Fortunately, the post office has been changing for several years now. It first got the strategy consultants McKinsey to work out a vision and road map towards reinvention, essential when the letter, the heart of the traditional post office, is rapidly disappearing. The department now has a new logo that signals that post office interiors have a new format, with prescribed appropriate furniture — and, critically, computers. It is on its way to connecting all “departmental” post offices through a core banking solution. (Getting all the rural branches hooked up will be an altogether different challenge.)
There are two reasons why the department has taken so long to try to change. One, leadership quality — it hardly gets its leaders from among those who top the civil service exams. Two, the Union finance ministry has had a vested interest in keeping the post office the way it has always been. Funds garnered by it are not its own. The exercise is done on behalf of the government, for a fee. The deposits have gone towards funding the fiscal deficit of the states and the Centre. Small savings account for 20 per cent of outstanding central liabilities. Within this, there is a lot of year-to-year variation. During 2000-11, the rate of growth of small savings has fluctuated between 22.2 per cent in 2004-05 and -1.4 per cent in 2008-09.
It can be said that the post office savings bank does not get depositors out of its own effort. They walk in because of better (administered) returns and tax advantages. That is why collections fluctuate according to whether banks’ deposit rates appear more or less attractive at a given moment. This happens because, while banks and the entire financial sector have moved to market-determined rates which fluctuate according to the signals of monetary policy, small savings rates have been kept stable so as to encourage steady savings by common folks.

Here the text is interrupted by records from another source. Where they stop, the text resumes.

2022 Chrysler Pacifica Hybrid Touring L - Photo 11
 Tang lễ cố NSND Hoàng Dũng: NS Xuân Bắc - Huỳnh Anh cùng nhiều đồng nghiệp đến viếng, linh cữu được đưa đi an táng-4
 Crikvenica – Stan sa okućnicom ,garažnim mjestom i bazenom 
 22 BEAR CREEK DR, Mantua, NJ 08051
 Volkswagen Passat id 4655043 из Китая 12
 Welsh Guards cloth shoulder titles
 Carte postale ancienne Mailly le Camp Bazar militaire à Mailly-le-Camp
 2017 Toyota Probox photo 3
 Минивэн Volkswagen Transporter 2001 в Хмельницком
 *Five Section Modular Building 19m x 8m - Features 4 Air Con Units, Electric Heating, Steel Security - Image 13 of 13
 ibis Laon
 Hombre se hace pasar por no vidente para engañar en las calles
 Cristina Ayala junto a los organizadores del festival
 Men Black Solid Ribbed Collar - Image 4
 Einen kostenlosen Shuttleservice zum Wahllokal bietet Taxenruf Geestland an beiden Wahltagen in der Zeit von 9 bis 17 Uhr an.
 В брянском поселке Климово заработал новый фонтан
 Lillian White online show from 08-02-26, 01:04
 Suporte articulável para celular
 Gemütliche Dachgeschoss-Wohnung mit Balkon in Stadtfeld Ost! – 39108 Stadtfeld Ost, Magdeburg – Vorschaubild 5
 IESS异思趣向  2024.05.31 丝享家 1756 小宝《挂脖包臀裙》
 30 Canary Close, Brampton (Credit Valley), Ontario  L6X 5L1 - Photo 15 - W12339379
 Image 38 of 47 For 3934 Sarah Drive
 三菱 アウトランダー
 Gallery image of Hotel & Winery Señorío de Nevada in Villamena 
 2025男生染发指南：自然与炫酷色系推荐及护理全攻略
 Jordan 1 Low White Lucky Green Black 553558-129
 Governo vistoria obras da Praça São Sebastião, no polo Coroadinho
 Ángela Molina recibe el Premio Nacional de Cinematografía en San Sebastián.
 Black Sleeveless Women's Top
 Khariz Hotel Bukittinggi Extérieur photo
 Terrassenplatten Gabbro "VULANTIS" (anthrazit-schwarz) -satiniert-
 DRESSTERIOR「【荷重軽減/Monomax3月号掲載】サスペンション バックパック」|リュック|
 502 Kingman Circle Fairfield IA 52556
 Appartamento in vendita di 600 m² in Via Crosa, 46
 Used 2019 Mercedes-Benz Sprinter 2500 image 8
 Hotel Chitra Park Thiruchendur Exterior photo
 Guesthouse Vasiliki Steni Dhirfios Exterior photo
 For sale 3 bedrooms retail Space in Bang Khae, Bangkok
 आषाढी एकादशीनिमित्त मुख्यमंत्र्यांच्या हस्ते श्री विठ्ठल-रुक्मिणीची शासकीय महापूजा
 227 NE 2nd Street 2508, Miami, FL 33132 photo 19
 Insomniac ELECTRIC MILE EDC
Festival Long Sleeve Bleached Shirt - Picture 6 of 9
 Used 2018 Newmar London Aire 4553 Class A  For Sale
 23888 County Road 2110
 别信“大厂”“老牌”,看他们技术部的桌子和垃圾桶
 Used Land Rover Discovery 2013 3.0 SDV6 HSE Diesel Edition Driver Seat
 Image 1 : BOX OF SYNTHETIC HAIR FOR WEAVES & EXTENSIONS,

That is why if the post office is allowed to own a bank, then all the outstandings under small savings (excluding those garnered by banks) may not remain with the new entity. Some will; only 16 per cent of postal deposits compete directly with banks. So an enormous amount of thought, structuring and effort will be needed to make the new entity a success and fulfil its developmental role.
The bank will have to become an efficient deposit taker and provider of basic financial services, like payments and remittances. For this it will have to take core banking to rural areas, where it is today scarce, and dot the countryside with ATMs. To increase footfalls and fulfil its true purpose of making itself and the post office of tomorrow the centre of rural activity, it will have to be the provider of last resort of e-governance services. The virtuous cycle will come when the typical rural employment guarantee labourer will get his payments through the post office bank — and then make it his piggy bank, the keeper of his small but precious savings.
The big issue will be what the bank will do with the savings it will hopefully generate. To begin with, it will have to remain a very narrow bank, parking its deposits in high-yielding long-term government securities, or infrastructure paper. A key option will be to park also with National Bank for Agriculture and Rural Development (Nabard), for on-lending to the microfinance sector. In fact, Nabard can float a special type of paper or certificate of deposit for the bank to park its funds profitably.
If the bank has to face a challenge greater than knowing what to do with its money, then it will be about human resources. It will be a stupendous challenge to run a rural bank with the latest IT and in an innovative manner. Truly outstanding leadership will be required to create the extended family to run this bank — not just public-private partnership, but something out of the box. Maybe invite social entrepreneurs like Nachiket Mor to take on a leadership role? This will not be easy, considering the trouble the prime minister has had to face to enable Nandan Nilekani to make a successful lateral entry. The postal bank must not, after all, become just another bank.